Tutorial: Runtime Operations
This tutorial focuses on the operational helpers that sit around a workflow: timeout, retry, cancellation, annotations, and exception translation.
Use these helpers at the application boundary. They are not substitutes for domain rules.
A Small Workflow To Wrap
open System
open System.Threading
open FsFlow
type CheckoutError =
| GatewayUnavailable
| CheckoutTimedOut
| CheckoutCancelled
| ReceiptStoreFailed
| UnexpectedGatewayFailure of string
let authorizeCard : Flow<unit, CheckoutError, string> =
flow {
do! Flow.Runtime.sleep (TimeSpan.FromMilliseconds 50)
return "receipt-123"
}
let storeReceipt (receiptId: string) : Flow<unit, CheckoutError, unit> =
flow {
do! Flow.Runtime.sleep (TimeSpan.FromMilliseconds 20)
return ()
}
let notifyCustomer (receiptId: string) : Flow<unit, CheckoutError, unit> =
flow {
do! Flow.Runtime.sleep (TimeSpan.FromMilliseconds 20)
return ()
}
let checkout : Flow<unit, CheckoutError, string> =
flow {
let! receiptId = authorizeCard
do! storeReceipt receiptId
do! notifyCustomer receiptId
return receiptId
}
Even in this tiny example there are already several composed steps. Runtime helpers answer how this execution should behave when one of those steps is slow, flaky, canceled, or throws.
Timeout
let checkoutWithTimeout =
checkout
|> Flow.Runtime.timeoutToError (TimeSpan.FromMilliseconds 10) CheckoutTimedOut
timeout, timeoutToError, timeoutToOk, and timeoutWith are boundary tools. They answer “what should this workflow do if it takes too long?”
Retry
let retryingCheckout =
checkout
|> Flow.Runtime.retry (function
| GatewayUnavailable -> Some (TimeSpan.FromMilliseconds 100)

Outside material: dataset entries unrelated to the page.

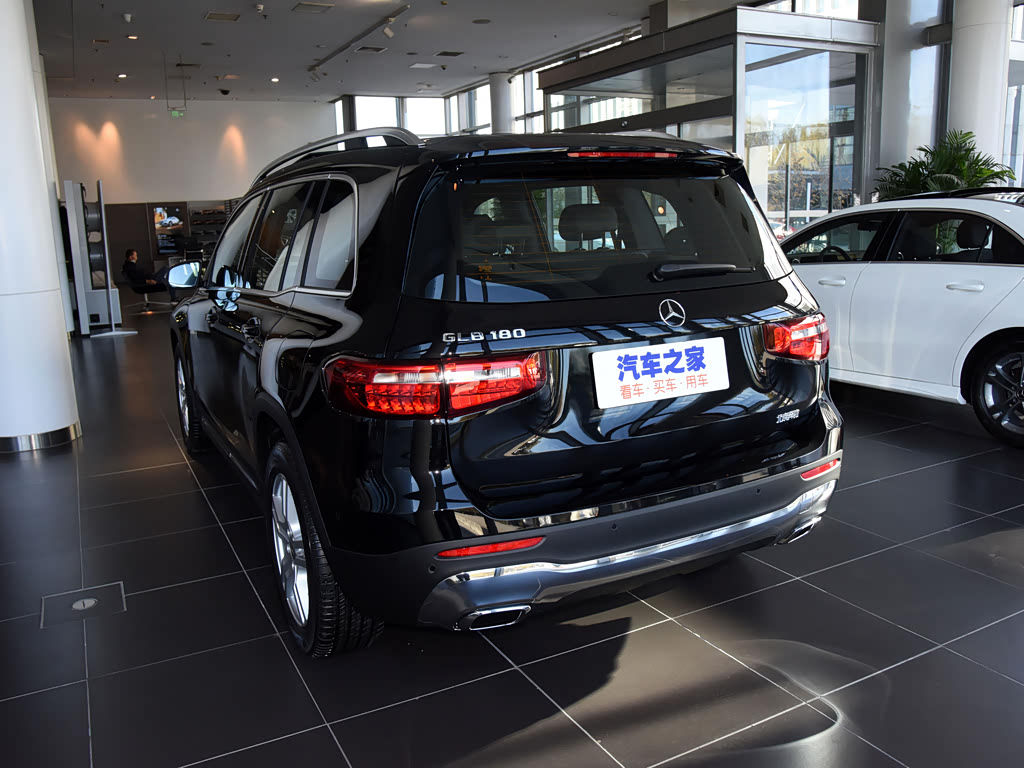 Mercedes-Benz GLB I (X247), Внедорожник 5 дв.: фото поколения
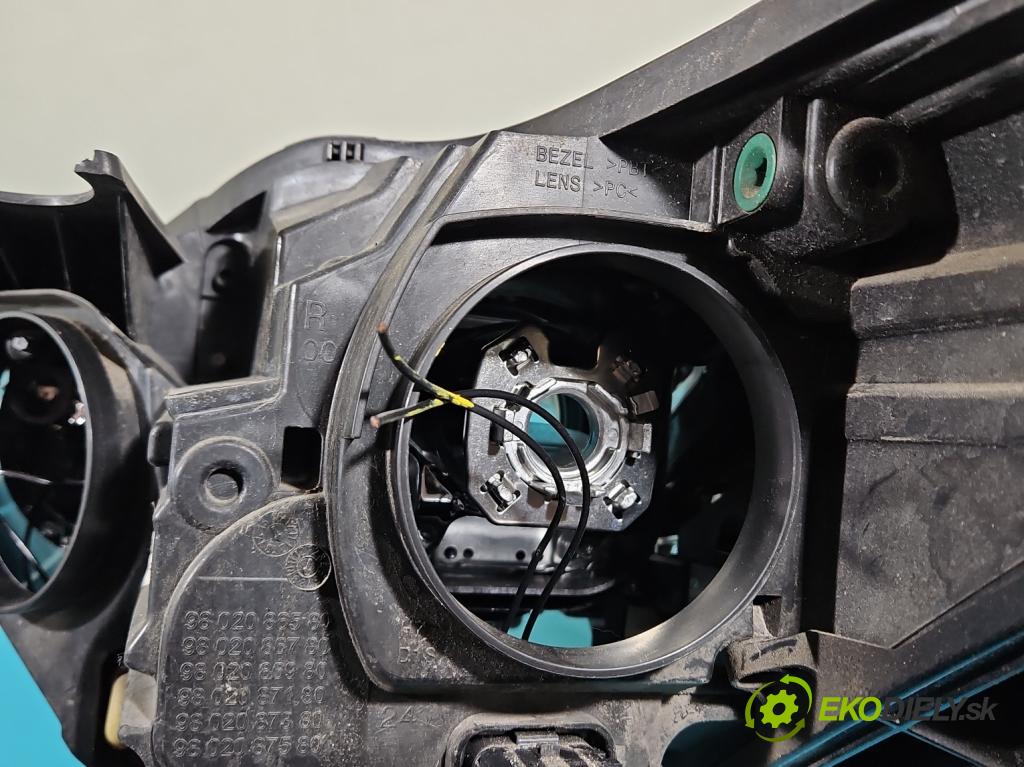 Citroen DS5 2011-2015 1.6 THP 156 HP automatic 115 kW 1598 cm3 5- Reflektor: pravý 9802086580 (Pravé)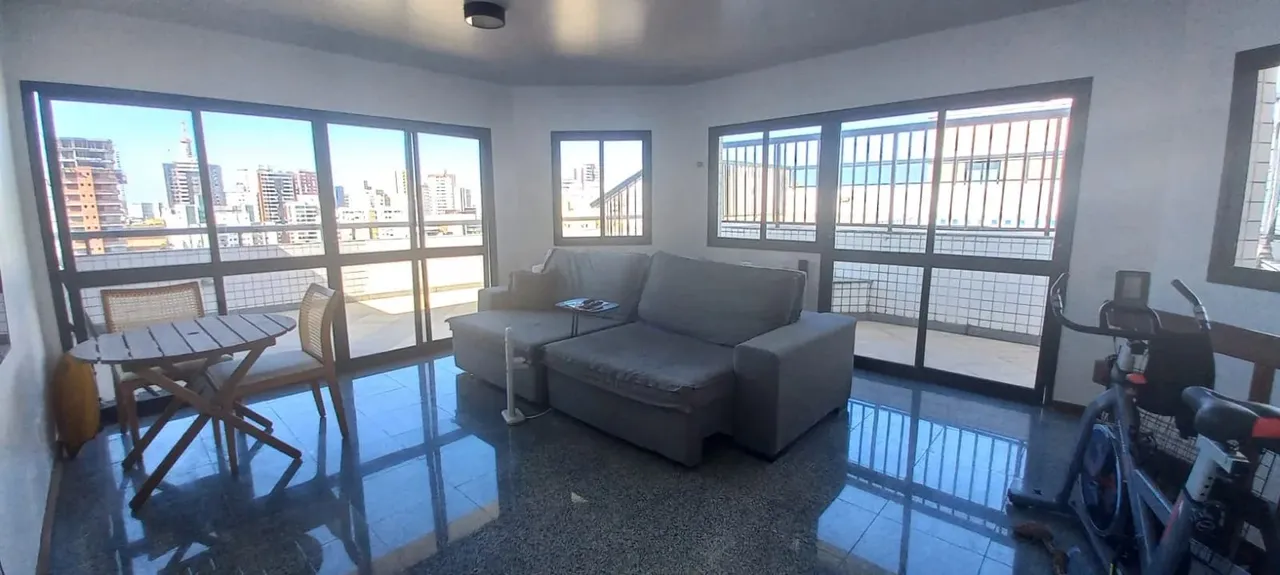 Vendo cobertura duplex com Piscina privativa, 4 quartos, sendo 2 suítes, infra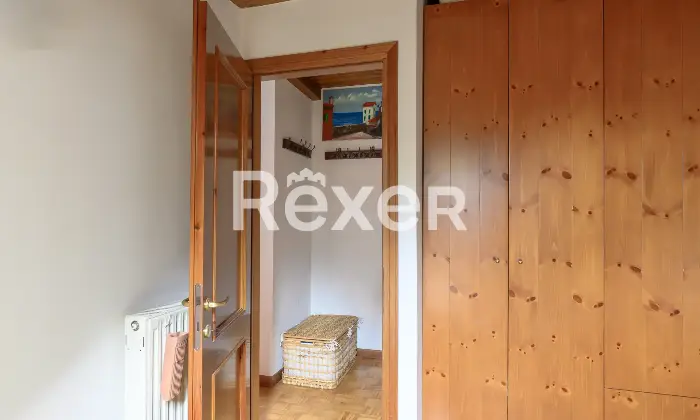 Rexer-Gallio-Appartamento-su-due-livelli-con-posto-auto-e-cantina-Altro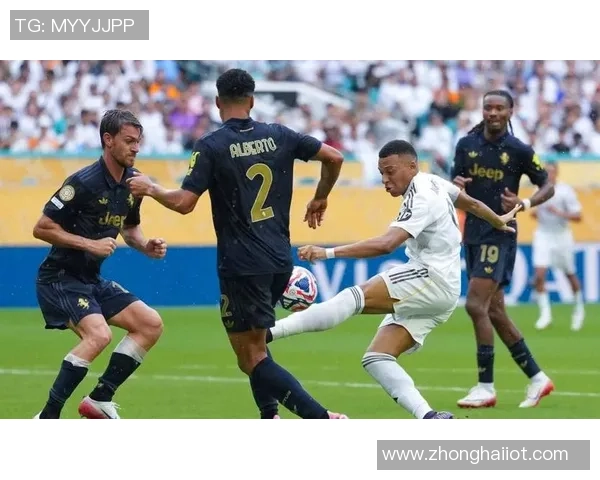 西甲精彩对决AC米兰与皇马激战成平局引发全场热议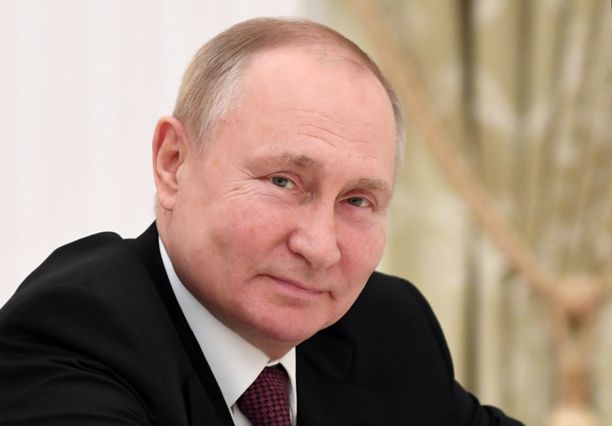 Tutkijan mukaan Kremlin nykyjohdolle sota on politiikan jatke.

| ReceiptStoreFailed -> Some (TimeSpan.FromMilliseconds 50)
| _ -> None)
Use Flow.Runtime.retry when the retry decision depends on the actual typed error. Use Schedule when you want a reusable retry policy value.
Exceptions
let rawGatewayCall : Flow<unit, CheckoutError, string> =
flow {
if DateTime.UtcNow.Second % 2 = 0 then
return raise (InvalidOperationException "gateway client exploded")
return "receipt-123"
}
let safeGatewayCall =
rawGatewayCall
|> Flow.catch (fun ex -> UnexpectedGatewayFailure ex.Message)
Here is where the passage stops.